Sonny and Cher
1-1-2019: Return of the Prodigal Public Domain
17 U.S.C. section 101 et. seq is the US Copyright Act, a bit of legislation I have seen change and expand over the past 30 years of professional curiosity. In that time, I have seen the growth of the US public domain come to a screeching stop. A magic 20 year extension of copyright protection was added to all extant works as a matter of law in 1998. This meant no new works were added to the public domain body of writings, fine art, films, songs, dance, or photography that we are all free to use as we like, whether they are liberally incorporated into new works or copied wholesale.
- What is the public domain? Works that are not under anyone’s control or ownership are essentially common stock, free to use, remix, and reuse. Thus, a work in the public domain, like Shakespeare’s plays or Mozart’s compositions, can be reproduced and used freely by anyone with or without alteration. It can be adapted to create a new work that itself can be protected by copyright to the extent of the newly composed portions. The public domain spurs new creations, like West Side Story, based on Romeo and Juliet, and even Pride & Prejudice & Zombies.
That was the impact of the Sonny Bono Copyright Term Extension Act (CTEA). Sonny was a California congressman and former pop star and songwriter. Best known as the mustachioed half of “I’ve Got You Babe” duo Sonny & Cher, he was a proponent of extending the time of copyright protection from life of the author plus 50 years to the longer term of life of the author plus 70 years. His skiing accident death turned the bill he proposed into a bit of a memorial statute. So, 20 years was added by fiat to all then existing protected works in 1998 and thus songwriter Sonny had a legacy for his survivors.

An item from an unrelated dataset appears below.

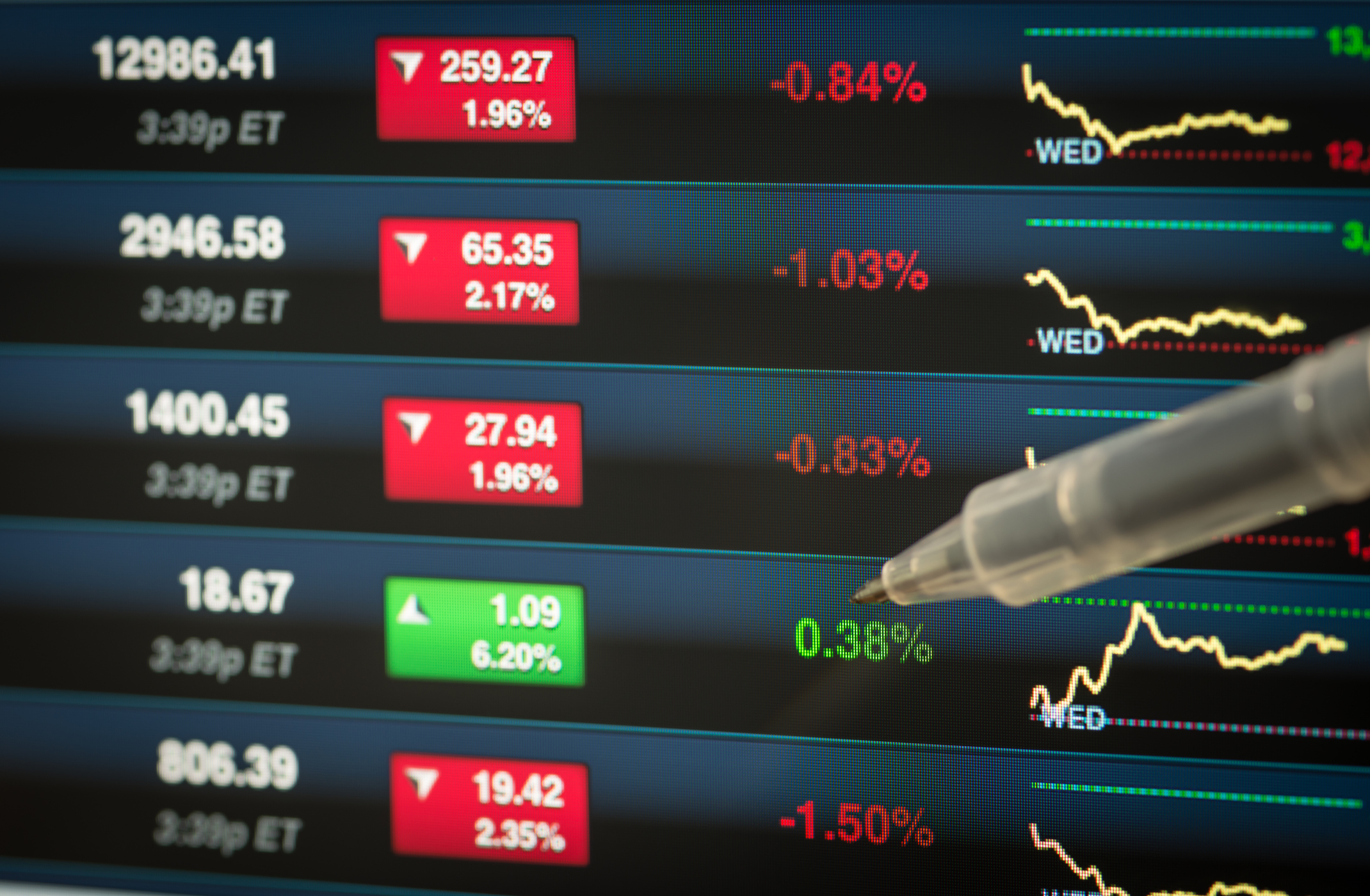 A pen pointing to a stock going up among several decliners.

- What is copyright? Briefly, in the US, it is the automatic protection for original works of authorship fixed in a tangible medium of expression, or “OWAFTME” as I have nicknamed it. The copyright owner has the exclusive right during the period of protection to authorize copies of that work, including reproductions, adaptations, translations, transformations and derivative works, public performance or displays as the case may be for the kind of work and the exclusive right to license and authorize others to do those things. And that exclusive period of control is now roughly not only for the life of the author but also for that of one generation of their descendants’: life plus 70 years.

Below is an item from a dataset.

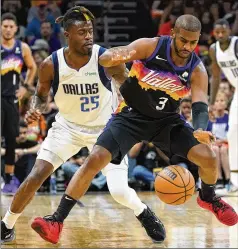  ?? MATT YORK/ASSOCIATED PRESS ?? Suns guard Chris Paul (right) works the ball past Mavericks forward Reggie Bullock during the first half Wednesday night in Phoenix. Paul scored 14 of his 28 points in the fourth quarter in a 129-109 victory.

After 11:59 pm Monday night, this protective bubble bursts, and there will be works that once again are free for all of us to use as our own: in the public domain. There is still the 20 year extension bubble going forward over more recent works, but now the life plus 70 protected works of those "authors" (the term by which all creators of any work, from choreography to sound recordings are known) will mean works of an author who died in 1948 will be free to use by all as to use as we like as of midnight 1-1-2019. Works made for hire are not gauged by the death of the individual creator but generally have a set 95 years from publication. So 1923 works join the public domain then too, even those works made for hire for a corporation, many of them still in existence. And many publishers and film companies continue on in the same or conglomerated form, exploiting those old cash cows, still in copyright works.
Why did we do it? This 20 year windfall was seen as putting the US on a more even keel with other industrial countries, particularly with Europe, where life plus 70 years was a typical term. But rather than being PROSPECTIVE term for new works, where the idea that copyright is an incentive for creators to make and release new works, the change was made for all works, including those created decades before, whose authors were long cold in the ground and beyond any such coaxing.
The term rules are made more complex by the various extensions of term for the 1909 Act works, a law effective until 1-1-1978. (The current Copyright Act, is known as the 1976 Act. I know: this is The Law, home of obfuscation.) Those 1909-governed works originally had technical rules about publication and notice which caused many works to fall into the public domain on a technicality. Add in the US joining the international Berne Copyright Convention in 1989 and having to reinstate protection to foreign copyright owners who’d lost protection due to those old arcane rules. Copyright law is a complex and fierce, like barrel filled with biting, angry weasels whose tails are tangled.
Perhaps most importantly, these 1923 works were created with the expectation of 28 years protection. If the work was profitable, authors would renew for another 28. It's a myth that the length of the term of copyright provided incentive any of the copyright term extensions for works created arguably before 1-1-78. The laws under which they were created offered no such extensive posthumous protection.
So who was the real recipient of this government largess? Now, this little rat pictured on this page, born in 1928, avoids the public domain until the end of 2023 (1-1-2024). I am sure that is just a coincidence. Without the Sonny Bono term extension, Steamboat Willie Mickey would have entered the public domain after 2003 (1-1-2004), a scant 5 years after the enactment of the CTEA.
Copyright is a bargain: limited time protection and financial and other control in exchange for public disclosure. This quid-pro-quo is to fuel our marketplace of ideas. Over-protection stifles new works as too much control limits the leeway for new works to build upon prior ones. A thriving public domain is one of the ways the regime balances the scales in favor of free expression. I’ll be popping my cork at midnight for the return of that auld friend, the American public domain.